By considering total factor productivity via local combined supply and demand efforts, non tradable sectors would finally have means to capture good deflation, much as tradable sectors have been able to do by organizing (mostly) on the supply axis. Consider why this matters. Tradable sectors have generated good deflation even as they created more overall output, which also meant higher profits even with lower product costs. Non tradable sectors need to take more demand factors into account along the entire production axis, in order to achieve greater output. Likewise, there is greater potential for good deflation - particularly in terms of a local group perspective.

How so? In part by folding personal time management factors, into better integrated workplace and marketplace settings. One negotiates time preferences according to personal schedule considerations, instead of assigning this negotiation responsibility to others. Also, local government provision as a part of time based coordination, would mean participating communities would no longer need to raise taxes for government services. Total factor productivity considerations are simply an additional step, in what have already been standard organizational processes for centuries.

Yet note that the above description is only a partial definition of productivity coordination, as it describes potential productivity gains. A parallel alignment in terms of local land use, would particularly make high density knowledge use agglomeration possible for lower income levels. This form of agglomeration would greatly benefit from land use which utilizes walkable core settings, for those who are currently engaged in daily routines for time based services.

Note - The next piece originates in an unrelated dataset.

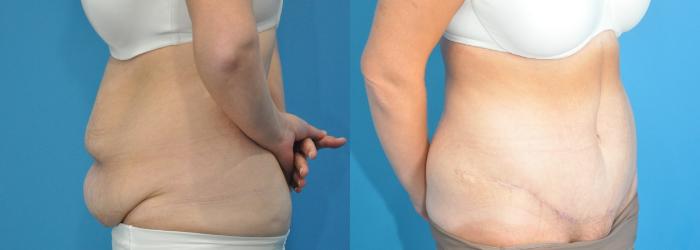 Before & After Abdominoplasty/Tummy Tuck Case 182 View #4 View in North Shore, IL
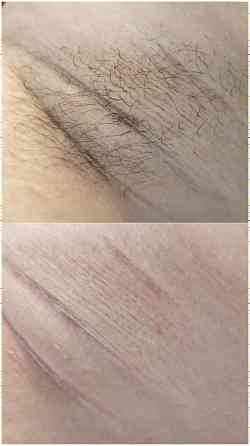 Услуга мастера по депиляции воском Макеевка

Why is it important to broaden productivity potential? For one, there is less certainty regarding components of specific factor productivity. For instance, consider some central elements of growth economic theory, which are utilized for theoretical constructs. In a recent post Dietrich Vollrath writes:
Perhaps the main organizing principle in growth economics over the last sixty years has been the "balanced growth path" or BGP. BGP is really just a name for a set of conditions related to several major pieces of economic data:
1) The growth rate of output per worker is constant over time.
2) The rate of return on capital is constant over time.
3) The share of output paid to capital is constant over time. 
If only these precepts could still be taken for granted! Vollrath was also concerned, whether their present day validity might be changing. That's not to say these concepts haven't been quite useful. After all, these conditions were able to maintain reasonable constants to an extent, that production and consumption roles could be safely guided by governments and private interests, without substantial input from citizens for the production processes involved.

Today, however, the tasks of aligning supply and demand are becoming too important, to be left completely in the care of nations, states and established interests, without broad input from citizens as well. With a little luck, local economies will finally get their turn, to contribute to the organizational processes which could reclaim future long term growth.